True, I talk of dreams
Which are the children of an idle brain
Begot of nothing but vain fantasy
Which is as thin of substance as the air
And more inconstant as the wind, who wooes
Even now the frozen bosom of the north

-Romeo and Juliet

Introduction – While Romeo and Juliet is about a poignant love affair, it's not as romantic as it may seem on the surface. All of the characters find themselves guided by raging love, sadness, hate, and anger, with the latter two especially dividing human society. Mercutio probably comes the closest to reason in that he perceives the corruption and unreason on both sides, but he cannot escape the spirit of the times either; his own fury gets him killed. But this is not a story about a few screwed-up people. Fate steers their courses and our own, and none of us unfortunate souls can control it.

For this reason, I avoid the “romantic' interpretation of events. Even though the two main characters falling in love is the most obvious event in the story, it goes far beyond that. And at the end of the day, I'm more likely to grow wings and fly to Hawaii than take relationship advice from a thirteen-year-old.

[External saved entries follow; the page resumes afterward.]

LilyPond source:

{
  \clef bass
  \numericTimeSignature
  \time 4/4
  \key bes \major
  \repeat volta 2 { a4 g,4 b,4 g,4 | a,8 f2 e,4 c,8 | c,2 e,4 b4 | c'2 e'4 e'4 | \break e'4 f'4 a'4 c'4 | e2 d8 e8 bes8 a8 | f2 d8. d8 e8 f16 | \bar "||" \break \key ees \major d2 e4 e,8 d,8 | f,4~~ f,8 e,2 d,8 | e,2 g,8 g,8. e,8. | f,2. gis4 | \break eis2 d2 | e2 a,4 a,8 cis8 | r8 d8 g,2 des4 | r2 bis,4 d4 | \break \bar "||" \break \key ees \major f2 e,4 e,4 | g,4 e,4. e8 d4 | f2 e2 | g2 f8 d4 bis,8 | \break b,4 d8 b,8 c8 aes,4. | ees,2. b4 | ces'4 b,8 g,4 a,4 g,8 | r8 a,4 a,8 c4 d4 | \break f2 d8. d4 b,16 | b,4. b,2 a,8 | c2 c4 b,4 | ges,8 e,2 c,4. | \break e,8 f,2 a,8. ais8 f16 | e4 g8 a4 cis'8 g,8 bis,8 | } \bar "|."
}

Romeo – Romeo is the product of seclusion. He prefers to be alone and read romantic poems and stories, which has limited his conception of love to celebrating beauty and speaking in poetic verse. Having no practical experience in the world of relationships, he projects his desire to love onto whatever beautiful woman he meets. As Friar Laurence tells him, “young men's love then lies / Not truly in their hearts, but in their eyes.”

In the beginning of the story we find him spending his days depressed, “adding to clouds more clouds with his deep sighs” because Rosaline didn't return his “love.” In other words, his life doesn't compare to the storybook romances that he tries to emulate. That his relatives and friends mock him for this seems to just drive him deeper into his fantasy land. It is both comic and tragic. Enter Juliet.

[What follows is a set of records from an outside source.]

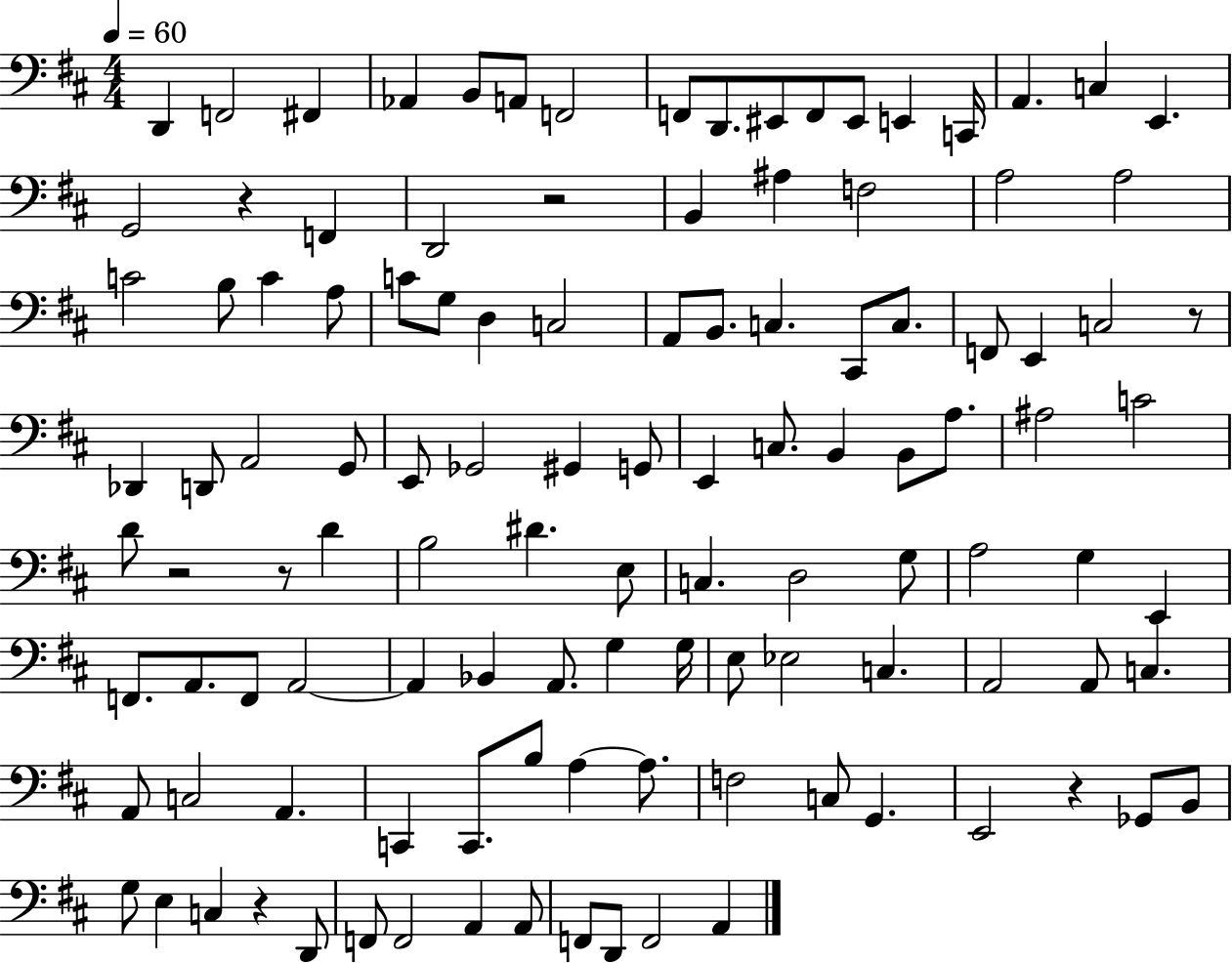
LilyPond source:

{
  \clef bass
  \numericTimeSignature
  \time 4/4
  \key d \major
  \tempo 4 = 60
  \repeat volta 2 { d,4 f,2 fis,4 | aes,4 b,8 a,8 f,2 | f,8 d,8. eis,8 f,8 eis,8 e,4 c,16 | a,4. c4 e,4. | \break g,2 r4 f,4 | d,2 r2 | b,4 ais4 f2 | a2 a2 | \break c'2 b8 c'4 a8 | c'8 g8 d4 c2 | a,8 b,8. c4. cis,8 c8. | f,8 e,4 c2 r8 | \break des,4 d,8 a,2 g,8 | e,8 ges,2 gis,4 g,8 | e,4 c8. b,4 b,8 a8. | ais2 c'2 | \break d'8 r2 r8 d'4 | b2 dis'4. e8 | c4. d2 g8 | a2 g4 e,4 | \break f,8. a,8. f,8 a,2~~ | a,4 bes,4 a,8. g4 g16 | e8 ees2 c4. | a,2 a,8 c4. | \break a,8 c2 a,4. | c,4 c,8. b8 a4~~ a8. | f2 c8 g,4. | e,2 r4 ges,8 b,8 | \break g8 e4 c4 r4 d,8 | f,8 f,2 a,4 a,8 | f,8 d,8 f,2 a,4 | } \bar "|."
}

Juliet – While Romeo can roam Verona all night, leap fences onto other people's property and engage in street duels against his family's rivals, Juliet mostly sits at home at home all day. She also has the added stress of marriage in her near feature. Though her father first says he will give her some say in choosing a husband, she's aware that in the end she'll likely spend the rest of her life with a man her parents choose. With the dull, sheltered life she leads, it's no wonder she expresses herself with the metaphor of a caged bird in the famous balcony scene. “'Tis almost morning; I would have thee gone: /
And yet no further than a wanton's bird; / Who lets it hop a little from her hand, / Like a poor prisoner in his twisted gyves, / And with a silk thread plucks it back again, / So loving-jealous of his liberty.”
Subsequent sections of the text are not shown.